Morrison proceeded to reiterate that "sensible things" had been said by individuals of Sharma's experience, and while Australia supported "a two-state solution", things had not "been going that well, not a lot of progress had been made." Sharma subsequently revealed to RN Breakfast that the Prime Minister had "discussed this with a number of people, myself included."
Israeli Prime Minister Benjamin Netanyahu, sensing another convert to the line of thinking that Jerusalem be deemed the appropriate capital by foreign powers (so far, only the United States has done so) felt justified:
Representative of the Palestinian delegation in Australia, Izzat Abdulhadi, was aghast.
This was all a matter of "short-term political gain":
"Breaking with decades-long bipartisan support and defying international law and multiple U.N. resolutions would make Australia an international pariah on this important foreign policy issue."
But money, more than principle, talks to the Morrison caste of thought, and Palestinian Foreign Minister Riyad al-Maliki suggested that Australia's position, were it to officially change regarding Jerusalem, threatened trade and business with other states.
Other states in the Muslim world were also sharpening their notes of condemnation. Indonesia, lying to Australia's north, is currently finalising a free trade agreement with their neighbour which is slated to be signed by the end of the year. A senior Indonesian source, according to the ABC, suggested that Australian Foreign Minister Marise Payne had been swamped by messages of concern from her Indonesian counterpart, Retno Marsudi. Would a delay of the signing take place as a result? Not so, according to Indonesia's Trade Minister, Enggartiasto Lukita. The pot, however, had been stirred.

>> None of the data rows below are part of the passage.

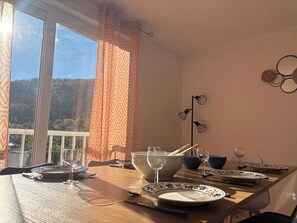 Ein Esstisch ist gedeckt mit Tellern, Schüsseln und Gläsern, mit Blick auf eine grüne Umgebung.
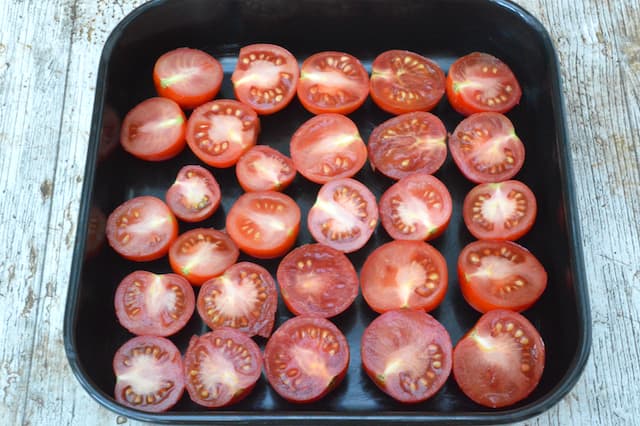 Halved tomatoes in a roasting tin.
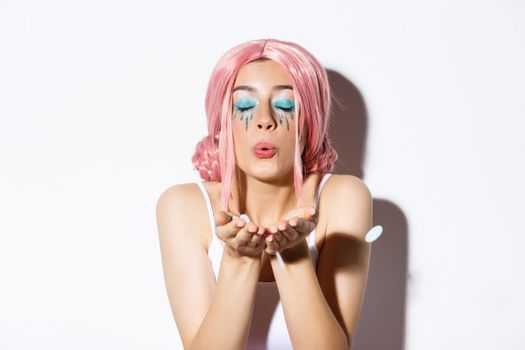 Close-up of lovely pretty party girl with pink wig and bright makeup, blowing confetti from palm, celebrating holiday, standing over white background.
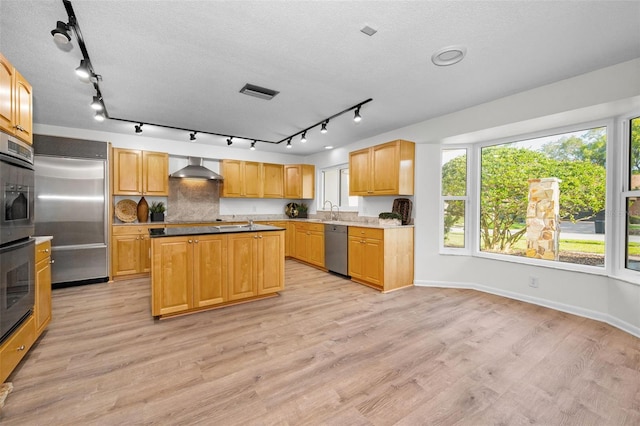 833 Lakeside Ter, Palm Harbor, FL 34683 - kitchen with visible vents, wall chimney exhaust hood, a sink, light wood-style flooring, and appliances with stainless steel finishes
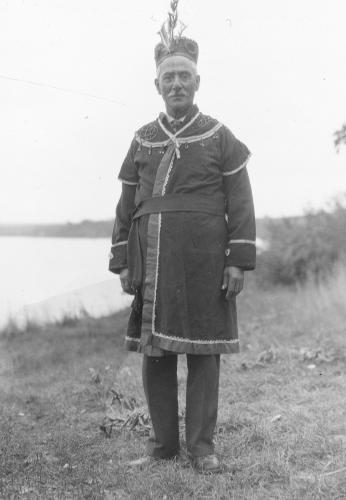 A black and white archival image of a man standing on a shore wearing a beaded coat and feathered band for a hat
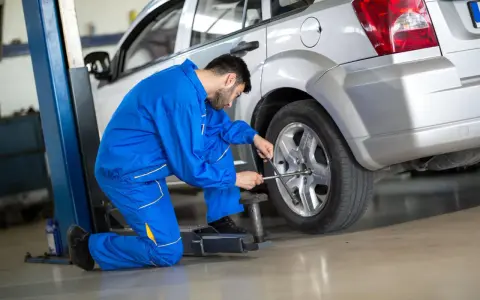 Meccanico in tuta blu lavora su una ruota, forse per montare gomme nuove davanti o dietro.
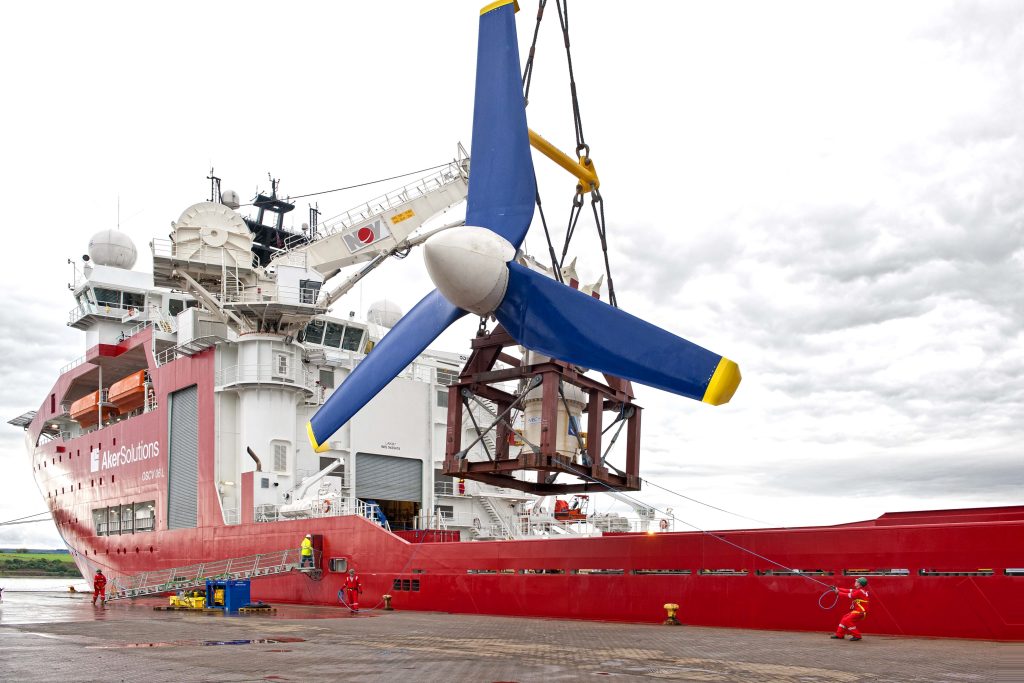 A ship's crane lifting a turbine from a quay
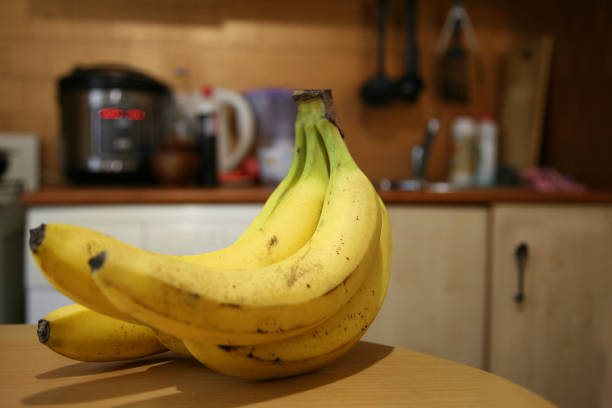 istock A bunch of bananas lying on a solid kitchen table. Sweet ripe bananas with yellow skin. Kitchen Scene with Bananas and Mixed Fruits Hand of ripe bananas in kitchen countertop 1805515702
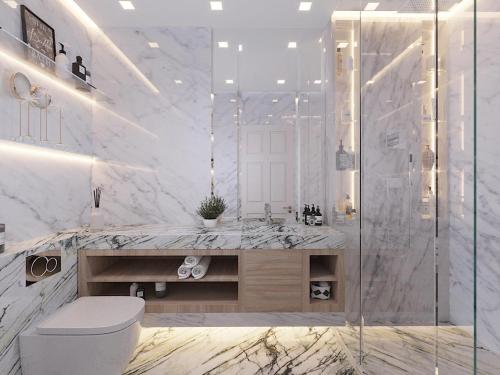 a white bathroom with a toilet and a sink at 4 Bedrooms Villa, Hugh Street Central London in London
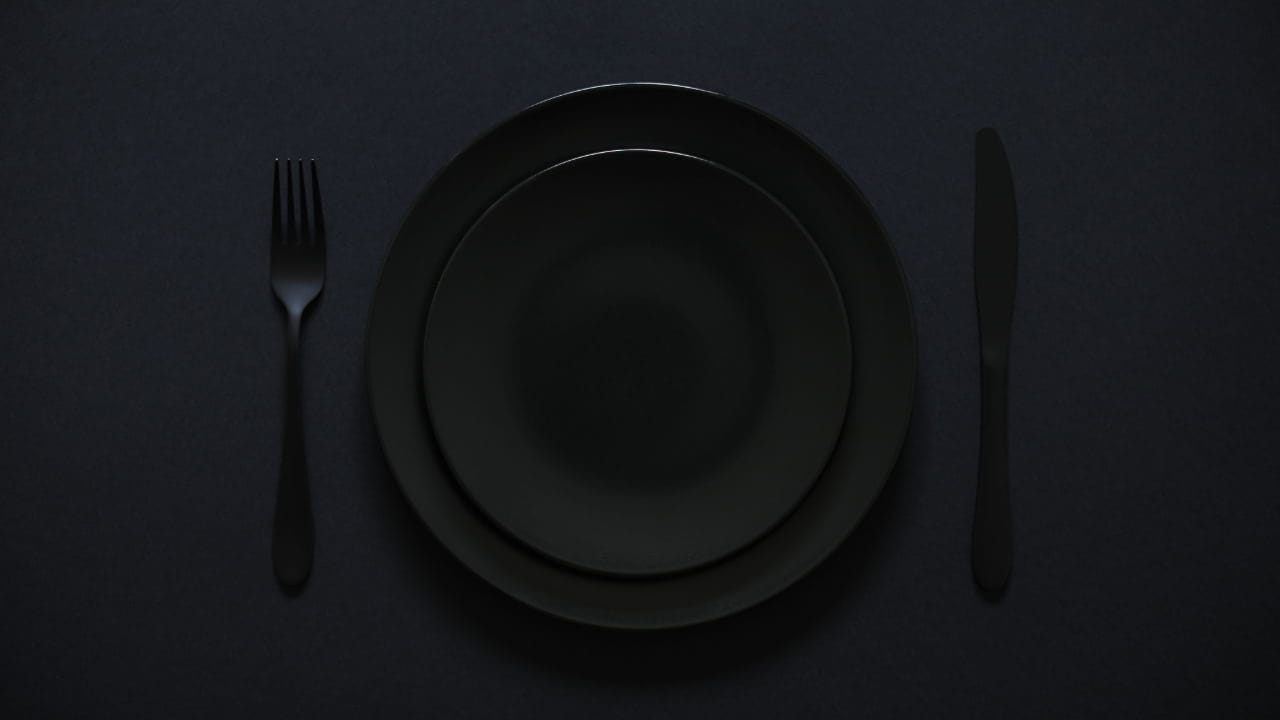 All black plate, utensils, and tablecloth table setting for a New Jersey dining event.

The noise surrounding the Wentworth by-election has reverberated through the hollow that is Morrison's make-as-you-go policy of survival. These are the antics - desperate, shallow, expedient and crude - of a Government in need of its final deliverance. The Prime Minister has made the fundamental mistake in assuming that speed and the illusion of keeping busy somewhat act as appropriate substitutes for policy.